Thanks...I also tried out the software, there's a thread somewhere.  I am going to get the Wii drive...

Betsy


----------



## CegAbq (Mar 17, 2009)

Thinking very seriously about getting one of these - but I have a couple of questions:

My daughter & I are getting ready to travel overseas at the end of February. I know I can use the Wi-Drive with my Fire & could load up a bunch of movies.

# 1 However - I read in some of the Amazon reviews that you would not be allowed to use the streaming service while flights are in the air. If so doesn't that mean that the Wi-Drive could only be used as a storage device & would be useless in flight?

#2 We're also thinking of taking either her Mac laptop or my Windows netbook. Can one transfer files between the Wi-Drive and either a Mac laptop or a Windows computer?


----------



## Betsy the Quilter (Oct 27, 2008)

CegAbq said:


> # 1 However - I read in some of the Amazon reviews that you would not be allowed to use the streaming service while flights are in the air. If so doesn't that mean that the Wi-Drive could only be used as a storage device & would be useless in flight?


That's correct. The Wi-Drive works by creating a wireless network that you connect the Fire or other device to. In situations where WiFi must be turned off, such as during a flight, you would not be able to use it. Note that you should be able to fit two or three movies on the Fire itself, which should take care of most flights.



> #2 We're also thinking of taking either her Mac laptop or my Windows netbook. Can one transfer files between the Wi-Drive and either a Mac laptop or a Windows computer?


Yes, that's how you get the movies on the Wi-Drive to start with. Here's a link to the manual for the Android version of the software:
http://media.kingston.com/support/downloads/WiDriveManualforAndroid_Beta.pdf
Edited to add the Fire version of the manual:
http://media.kingston.com/support/downloads/WiDrive_KF_UserManual.pdf

Betsy


----------



## CegAbq (Mar 17, 2009)

Perfect information - thanks Betsy.

By the way - aren't you on the east coast? shouldn't you be sleeping?


----------



## Betsy the Quilter (Oct 27, 2008)

I got my drive on Friday. I've been playing with it a bit. It is very easy to use and worked flawlessly with both my iPad and Fire (and both at once).
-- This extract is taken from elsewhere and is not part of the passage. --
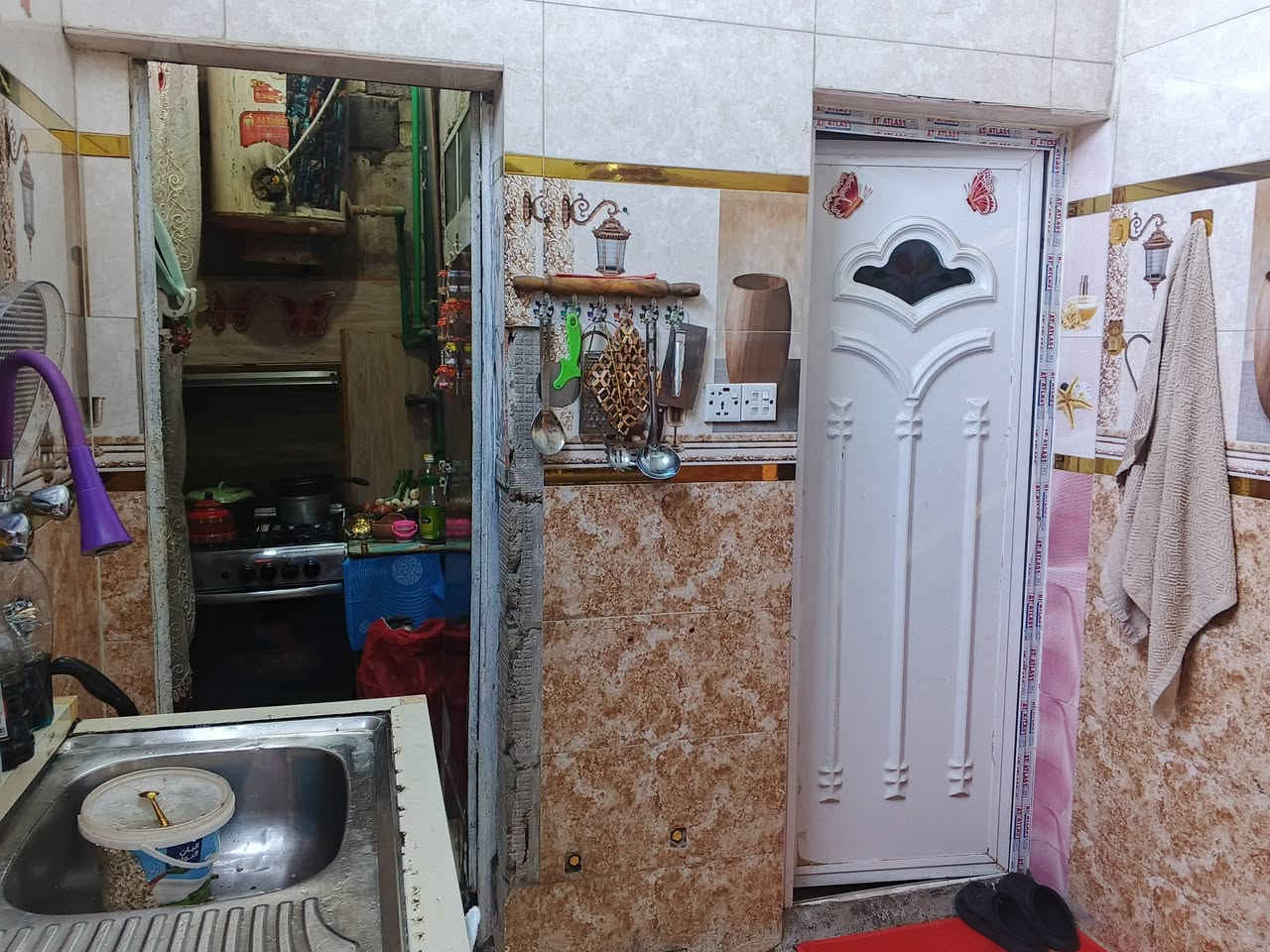 بيت للبيع تجاوز مساحه 75متر عنوان الأمين الثانيه السده الاولى ***********ابو حسين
It's quite small, less than three ounces in weight, and about the size, for reference, of an iPod Touch.










In the box with it is a Mini USB cable, and a wall adapter. It comes with a multi-page pamphlet but the directions are only two pages, repeated in at least eight languages.  see my prior post for a link to a user's manual. In the pic below, box, Wi drive, adapter, cable, pamphlet.
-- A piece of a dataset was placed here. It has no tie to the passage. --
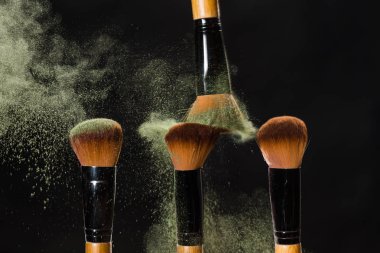 Güzellik ve mineral toz kavramı - oluşturan kozmetik fırça ve patlama renkli makyaj toz arka plan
The directions indicate that the device should be charged before use. It took it about 3-3 1/2 hours to reach full charge. I connected it to my Windows XP computer and it was recognized as a removable drive. As suggested, I created a Videos folder on the Wi-Drive and dragged my videos to it.

To use, turn it on using the tiny clear power button on the side; it takes a firm press. You have to connect to it using the WiFi setting on the Fire or other device. In that setting, the Wi Drive will simply show up as an available network. Select it, and you're done. The network indicator will show up in the right hand corner, probably with an X, but don't worry, you're connected.

Then, open the Wi-Drive App on your Fire...it will search for the Wi-Drive, and then show it at the top of the list with the IP address. Tap on that. Tap on the folder and then the file you want to open. If you have more than one app that will open the file you will be given a choice.

I'm very pleased with this, and think I'll use it for more than just streaming movies, it definitely gives me a lot more accessible space for storage.

It is an open network...I haven't tested the range very much, but it reached from one end of my tiny house to the other. You can change the security settings, the Manual I linked to has instructions.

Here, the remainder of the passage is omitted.